Hernandez v. Hillsides, Inc. : Is There a Right To Workplace Privacy in California?

Author(s): Micheal Shah
Synopsis: As Hernandez makes clear, employees shouldn't count on having a right to privacy in the workplace. Rick Levine passes on some lessons from the evolving California law.

Isn’t there some sort of right to privacy in California? Well, yes, but don’t count on it in the workplace. California has both a common law right of privacy and an express, constitutional right to privacy (Cal. Const., art.1, sec.1). That right is theoretically guaranteed not only against the state, but against private actors (like, for instance, employers). From early on, the California Supreme Court’s decisions under that constitutional provision have tended to reduce the scope of this supposedly fundamental right. In Hill v. NCAA (1994) 7 Cal.4th 1, the Court found a forced urine test of a college athlete as a condition to compete to be non-violative of the athlete’s constitutional right. Why? The NCAA had a good reason to require the test. Nobody wants college athletes juiced, right? Thus, a collegiate athletic association’s reasonable concerns trumped our state constitution’s right to privacy. In Hernandez v. Hillsides, Inc., (PDF, 221KB) (2009) 47 Cal.4th 272, decided in August, employees — who assumed that if they worked in a closed space with closed doors they might have a reasonable expectation of privacy -– found that their reasonable expectation could be trumped by any intrusion (including hidden cameras) the Court deems to be more important than the employee’s right to privacy.

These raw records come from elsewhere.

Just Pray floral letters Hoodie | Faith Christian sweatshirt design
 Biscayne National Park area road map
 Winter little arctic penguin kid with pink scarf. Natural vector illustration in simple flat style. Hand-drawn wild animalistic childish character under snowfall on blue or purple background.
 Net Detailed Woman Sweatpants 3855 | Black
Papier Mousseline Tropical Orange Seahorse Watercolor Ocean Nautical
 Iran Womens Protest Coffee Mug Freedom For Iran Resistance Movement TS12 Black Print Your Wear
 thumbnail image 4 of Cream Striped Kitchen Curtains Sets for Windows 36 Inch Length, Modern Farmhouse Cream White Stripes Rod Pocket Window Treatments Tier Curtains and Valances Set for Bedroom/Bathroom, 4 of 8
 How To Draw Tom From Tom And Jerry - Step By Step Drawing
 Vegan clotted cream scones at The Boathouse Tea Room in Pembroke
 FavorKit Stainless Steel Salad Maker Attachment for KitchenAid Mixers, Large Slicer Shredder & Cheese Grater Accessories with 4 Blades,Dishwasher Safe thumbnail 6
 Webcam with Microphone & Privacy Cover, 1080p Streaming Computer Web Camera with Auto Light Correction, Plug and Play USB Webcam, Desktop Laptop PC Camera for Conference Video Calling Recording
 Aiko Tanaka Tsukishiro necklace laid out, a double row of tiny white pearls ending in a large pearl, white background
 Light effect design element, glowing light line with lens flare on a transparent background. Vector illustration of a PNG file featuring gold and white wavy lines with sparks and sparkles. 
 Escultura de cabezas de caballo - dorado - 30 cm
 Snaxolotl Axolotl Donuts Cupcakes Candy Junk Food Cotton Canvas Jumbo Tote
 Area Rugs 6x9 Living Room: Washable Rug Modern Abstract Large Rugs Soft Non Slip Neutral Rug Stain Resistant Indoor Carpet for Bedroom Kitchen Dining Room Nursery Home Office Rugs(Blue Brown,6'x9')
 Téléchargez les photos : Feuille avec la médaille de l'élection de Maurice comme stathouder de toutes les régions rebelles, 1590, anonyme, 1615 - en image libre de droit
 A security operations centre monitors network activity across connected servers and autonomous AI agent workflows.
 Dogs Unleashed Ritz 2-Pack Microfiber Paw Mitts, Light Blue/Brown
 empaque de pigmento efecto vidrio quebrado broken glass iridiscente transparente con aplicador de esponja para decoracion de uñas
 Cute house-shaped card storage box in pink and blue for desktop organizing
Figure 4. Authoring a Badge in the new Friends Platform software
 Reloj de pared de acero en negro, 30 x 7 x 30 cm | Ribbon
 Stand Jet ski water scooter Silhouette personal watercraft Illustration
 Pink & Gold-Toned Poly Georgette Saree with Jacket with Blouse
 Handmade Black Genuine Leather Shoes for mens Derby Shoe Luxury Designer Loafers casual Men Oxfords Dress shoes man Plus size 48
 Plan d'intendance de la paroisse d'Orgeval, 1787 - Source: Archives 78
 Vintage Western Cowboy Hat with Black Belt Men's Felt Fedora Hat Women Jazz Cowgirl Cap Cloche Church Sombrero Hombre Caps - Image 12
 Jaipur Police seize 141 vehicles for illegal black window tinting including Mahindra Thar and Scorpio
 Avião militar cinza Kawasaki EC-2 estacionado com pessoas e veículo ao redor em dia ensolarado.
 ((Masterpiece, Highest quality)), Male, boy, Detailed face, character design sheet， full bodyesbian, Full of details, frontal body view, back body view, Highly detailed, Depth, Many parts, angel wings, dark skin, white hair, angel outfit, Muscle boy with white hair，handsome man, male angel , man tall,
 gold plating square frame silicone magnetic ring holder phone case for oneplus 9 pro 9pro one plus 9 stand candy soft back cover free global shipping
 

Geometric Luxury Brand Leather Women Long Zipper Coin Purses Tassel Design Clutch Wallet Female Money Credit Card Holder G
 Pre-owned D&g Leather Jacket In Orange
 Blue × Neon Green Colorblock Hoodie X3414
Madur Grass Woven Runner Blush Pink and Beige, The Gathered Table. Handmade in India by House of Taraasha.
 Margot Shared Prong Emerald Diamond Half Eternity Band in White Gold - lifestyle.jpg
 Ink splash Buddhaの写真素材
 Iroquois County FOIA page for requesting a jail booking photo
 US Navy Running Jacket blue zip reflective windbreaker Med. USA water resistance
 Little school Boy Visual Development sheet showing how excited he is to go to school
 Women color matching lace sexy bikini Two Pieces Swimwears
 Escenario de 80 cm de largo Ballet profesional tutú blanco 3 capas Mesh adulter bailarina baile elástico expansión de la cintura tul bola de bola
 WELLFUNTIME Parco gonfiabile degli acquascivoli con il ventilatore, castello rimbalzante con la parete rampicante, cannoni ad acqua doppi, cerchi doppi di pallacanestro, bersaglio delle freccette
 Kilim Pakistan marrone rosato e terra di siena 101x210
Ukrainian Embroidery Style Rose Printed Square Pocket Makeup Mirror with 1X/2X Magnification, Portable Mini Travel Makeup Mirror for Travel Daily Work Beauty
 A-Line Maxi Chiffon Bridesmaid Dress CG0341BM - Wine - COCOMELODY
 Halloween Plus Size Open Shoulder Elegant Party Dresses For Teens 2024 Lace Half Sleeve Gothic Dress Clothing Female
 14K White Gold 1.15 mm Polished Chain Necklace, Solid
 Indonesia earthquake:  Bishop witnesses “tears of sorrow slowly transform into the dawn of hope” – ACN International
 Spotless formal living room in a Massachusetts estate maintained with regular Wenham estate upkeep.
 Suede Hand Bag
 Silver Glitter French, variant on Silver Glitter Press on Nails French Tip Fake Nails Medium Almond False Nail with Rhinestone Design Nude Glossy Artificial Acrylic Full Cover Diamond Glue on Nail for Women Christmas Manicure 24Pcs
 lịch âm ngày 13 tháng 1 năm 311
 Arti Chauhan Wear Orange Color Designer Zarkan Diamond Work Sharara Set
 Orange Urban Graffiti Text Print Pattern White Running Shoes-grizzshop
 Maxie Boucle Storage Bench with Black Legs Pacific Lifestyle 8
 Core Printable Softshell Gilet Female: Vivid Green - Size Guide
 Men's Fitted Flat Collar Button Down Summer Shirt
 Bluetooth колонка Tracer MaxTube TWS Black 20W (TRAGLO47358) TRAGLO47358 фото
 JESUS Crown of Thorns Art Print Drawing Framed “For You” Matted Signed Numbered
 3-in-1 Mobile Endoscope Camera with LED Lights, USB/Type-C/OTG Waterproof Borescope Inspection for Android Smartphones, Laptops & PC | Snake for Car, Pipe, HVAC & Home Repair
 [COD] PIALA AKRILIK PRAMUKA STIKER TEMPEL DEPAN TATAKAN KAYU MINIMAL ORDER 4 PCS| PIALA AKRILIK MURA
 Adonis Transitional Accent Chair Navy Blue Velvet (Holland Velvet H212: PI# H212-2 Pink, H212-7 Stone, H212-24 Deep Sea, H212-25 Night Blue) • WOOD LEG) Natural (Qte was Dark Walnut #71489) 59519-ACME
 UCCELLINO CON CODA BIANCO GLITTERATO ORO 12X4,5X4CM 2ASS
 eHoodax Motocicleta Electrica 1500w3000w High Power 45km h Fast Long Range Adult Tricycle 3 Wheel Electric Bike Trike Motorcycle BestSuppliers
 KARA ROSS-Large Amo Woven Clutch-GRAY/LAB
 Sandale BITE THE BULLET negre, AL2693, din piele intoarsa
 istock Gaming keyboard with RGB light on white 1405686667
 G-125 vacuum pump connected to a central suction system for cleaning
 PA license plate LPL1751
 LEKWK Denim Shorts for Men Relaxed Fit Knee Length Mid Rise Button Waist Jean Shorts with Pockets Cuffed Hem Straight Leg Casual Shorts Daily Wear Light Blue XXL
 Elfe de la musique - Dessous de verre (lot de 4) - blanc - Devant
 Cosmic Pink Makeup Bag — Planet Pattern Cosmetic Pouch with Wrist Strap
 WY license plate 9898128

Ms. Hernandez and her co-worker, Ms. Lopez, were administrative employees of Hillside, a non-profit residential facility for neglected and abused children. Management determined that one of the computers in plaintiffs’ office was being used, after hours, to access pornographic web sites. Without informing plaintiffs, management placed a hidden video camera in the office, which could be activated at any time to observe and/or record what was going on in their office. Both women changed clothes and engaged in other appropriate, but presumably private activities in the office. Management claimed that they did not turn the cameras on until after hours, when the improper internet access was taking place – a time when the plaintiffs would not be in the office. Plaintiffs, upon learning of the hidden camera, were horrified, particularly given that one of them made sure the door was closed and changed into her athletic clothes virtually every day before leaving work.

The legal analysis of these sorts of claims seems straight-forward enough: Has there been an intrusion into a protected zone of privacy and, if so, was it so unjustified and offensive as to constitute a privacy invasion? If that sounds pretty subjective, that’s because it is. In Hernandez, the Court first found that the women did, in fact, have a reasonable expectation of privacy (and thus, the hidden camera was an intrusion into a protected zone of privacy). Nonetheless, if the defendant can establish a “countervailing” interest for the intrusion the courts will conduct a balancing test. Whether the plaintiff wins or not is a function of how the court weighs the countervailing rights in a particular case. In the Hill case, above, the NCAA’s interest in drug-free competition trumped the athlete’s privacy interest. In Hernandez, the defendant’s interest in ferreting out the person using its computers to access pornography (an attempt which failed, by the way) trumped the plaintiffs’ interest in not being subject to secret video observation of their office. Note that a number of factors contributed to the Court’s conclusion in Hernandez. The facility was a facility for abused children and management was particularly sensitive to employees accessing pornography in such an environment. Also, there was no evidence that the camera was turned on during the work day when plaintiffs were there, and the evidence was that the intent was to turn on the camera only after plaintiffs had left.

So, what about that right to privacy in the workplace? The answer: a qualified maybe. The lesson for California employees is that our courts are fairly easy to convince where an employer can advance a fairly good reason for even the sort of fairly extreme privacy invasion that the Hernandez plaintiffs were subjected to (a secret hidden camera which could have – even if it did not, observe and record whatever they did in their apparently private workspace). The safest course for an employee may be to assume that, at least in the workplace, his or her zone of privacy may not extend beyond his or her own head.